2 Phase commit is supported by .Net framework since 2.0 using System.Transaction package. It has been extensible for any other resource like MongoDB, Sql, Message Queue … etc using the IEnlistmentNotification interface.

The source code for POC is added here

Command query responsibility segregation pattern with MongoDB, Redis and ElasticSearch

Posted on Updated on

Problem:

In large scales data-centric enterprise application read write ratio is very high. In that case we want the fast read access with different search criteria from enterprise database. This is often a requirement for any large scales enterprise application.

Solution:

In most of the cases for enterprise application data storage and retrieval is the fundamental thing. The Command Query Responsibility Segregation is very well known for this kind of requirement for multiple reasons.

Here this pattern is implemented using MongoDB as primary storage and Elastic Search and Redis as secondary storage. Following solution diagram will represent the same.

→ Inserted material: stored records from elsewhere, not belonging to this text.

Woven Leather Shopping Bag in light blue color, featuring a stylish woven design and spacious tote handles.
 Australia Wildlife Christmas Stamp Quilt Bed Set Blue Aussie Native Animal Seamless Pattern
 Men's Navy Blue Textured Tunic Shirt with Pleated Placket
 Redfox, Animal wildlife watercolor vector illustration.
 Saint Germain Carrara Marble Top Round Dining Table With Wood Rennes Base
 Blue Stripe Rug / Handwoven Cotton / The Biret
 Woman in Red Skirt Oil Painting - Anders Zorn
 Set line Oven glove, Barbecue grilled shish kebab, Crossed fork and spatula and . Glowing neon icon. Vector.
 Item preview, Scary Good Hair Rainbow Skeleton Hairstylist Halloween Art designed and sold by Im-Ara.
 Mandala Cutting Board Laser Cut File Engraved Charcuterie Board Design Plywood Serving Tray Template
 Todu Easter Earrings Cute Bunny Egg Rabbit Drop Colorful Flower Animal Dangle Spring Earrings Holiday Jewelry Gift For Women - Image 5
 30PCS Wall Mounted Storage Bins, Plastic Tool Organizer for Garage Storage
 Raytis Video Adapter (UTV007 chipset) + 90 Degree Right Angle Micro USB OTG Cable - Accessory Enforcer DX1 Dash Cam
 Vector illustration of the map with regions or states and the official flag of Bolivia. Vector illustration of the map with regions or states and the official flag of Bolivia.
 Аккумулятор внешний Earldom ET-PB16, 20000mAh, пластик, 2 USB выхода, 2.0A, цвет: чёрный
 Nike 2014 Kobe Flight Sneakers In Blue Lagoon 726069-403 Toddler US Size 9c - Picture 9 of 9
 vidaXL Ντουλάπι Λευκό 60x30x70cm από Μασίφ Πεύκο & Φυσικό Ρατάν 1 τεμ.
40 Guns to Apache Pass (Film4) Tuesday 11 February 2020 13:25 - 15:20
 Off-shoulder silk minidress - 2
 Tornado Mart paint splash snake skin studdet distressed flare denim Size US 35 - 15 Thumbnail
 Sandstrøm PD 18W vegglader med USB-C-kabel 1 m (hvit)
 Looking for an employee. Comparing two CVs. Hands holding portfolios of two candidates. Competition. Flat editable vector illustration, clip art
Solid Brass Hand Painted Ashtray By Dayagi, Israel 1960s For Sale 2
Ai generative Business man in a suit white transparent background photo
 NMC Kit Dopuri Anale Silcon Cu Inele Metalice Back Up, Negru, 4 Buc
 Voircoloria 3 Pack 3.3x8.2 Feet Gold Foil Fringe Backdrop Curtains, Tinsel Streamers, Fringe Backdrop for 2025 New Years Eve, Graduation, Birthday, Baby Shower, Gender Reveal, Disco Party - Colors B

Every create, update or delete action for the domain object will go through following steps in Command Service:

1. Create, update or delete for a domain object happened on MongoDB as a primary storage.
2. Invalidate the Redis cache entry based on the primary key of the domain object.
3. Create, update or delete the Elastic Search index for the domain object.

Every query or read for domain object with search criteria will go through following stages in Query Service:

1. Try to get the primary keys from the elastic search index based on search criteria unless search is not based on a primary key itself.
2. Based on the received primary key from previous step try to get the domain object from  Redis cache.
3. If domain object is not available with cache, then get the domain object from MongoDB. (As retrieval using a primary key is always efficient with MongoDB or any other SQL providers)
4. Update the domain object into the Redis cache and return the result.

Using this pattern you can achieve better response time for all your read queries with some a write overhead and you don’t need to surprise and change your design after a performance testing.